* _What is being asked_:
Look below for the lines from the one with "Erkek Taba Deri Loafer - Image 7" to the one with "Material numism&aacute;tico: Fernando", and copy exactly those lines, both ends included.
====================
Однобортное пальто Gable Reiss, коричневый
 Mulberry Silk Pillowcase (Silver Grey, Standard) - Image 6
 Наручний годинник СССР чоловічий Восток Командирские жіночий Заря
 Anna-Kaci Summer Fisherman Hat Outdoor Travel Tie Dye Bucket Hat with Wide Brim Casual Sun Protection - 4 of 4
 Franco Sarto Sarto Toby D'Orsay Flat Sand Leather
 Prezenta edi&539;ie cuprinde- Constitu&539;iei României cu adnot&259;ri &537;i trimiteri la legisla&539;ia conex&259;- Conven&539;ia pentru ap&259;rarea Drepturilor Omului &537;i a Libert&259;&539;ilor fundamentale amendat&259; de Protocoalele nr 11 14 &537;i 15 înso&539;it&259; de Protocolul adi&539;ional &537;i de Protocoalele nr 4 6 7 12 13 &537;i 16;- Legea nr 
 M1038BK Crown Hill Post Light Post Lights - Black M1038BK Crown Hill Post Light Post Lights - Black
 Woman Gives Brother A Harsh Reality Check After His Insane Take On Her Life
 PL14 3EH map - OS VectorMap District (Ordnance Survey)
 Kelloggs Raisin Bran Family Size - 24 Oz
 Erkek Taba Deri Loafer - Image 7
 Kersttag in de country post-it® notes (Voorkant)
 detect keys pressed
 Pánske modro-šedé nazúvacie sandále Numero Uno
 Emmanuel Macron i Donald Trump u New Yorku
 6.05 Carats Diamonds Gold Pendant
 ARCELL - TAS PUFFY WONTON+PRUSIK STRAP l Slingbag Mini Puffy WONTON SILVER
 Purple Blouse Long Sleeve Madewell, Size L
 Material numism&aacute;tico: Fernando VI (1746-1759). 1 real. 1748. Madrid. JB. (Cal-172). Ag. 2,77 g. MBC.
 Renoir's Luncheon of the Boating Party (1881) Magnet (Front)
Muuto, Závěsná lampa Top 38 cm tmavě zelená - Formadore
====================
* _Response to this task_:
 Erkek Taba Deri Loafer - Image 7
 Kersttag in de country post-it® notes (Voorkant)
 detect keys pressed
 Pánske modro-šedé nazúvacie sandále Numero Uno
 Emmanuel Macron i Donald Trump u New Yorku
 6.05 Carats Diamonds Gold Pendant
 ARCELL - TAS PUFFY WONTON+PRUSIK STRAP l Slingbag Mini Puffy WONTON SILVER
 Purple Blouse Long Sleeve Madewell, Size L
 Material numism&aacute;tico: Fernando VI (1746-1759). 1 real. 1748. Madrid. JB. (Cal-172). Ag. 2,77 g. MBC.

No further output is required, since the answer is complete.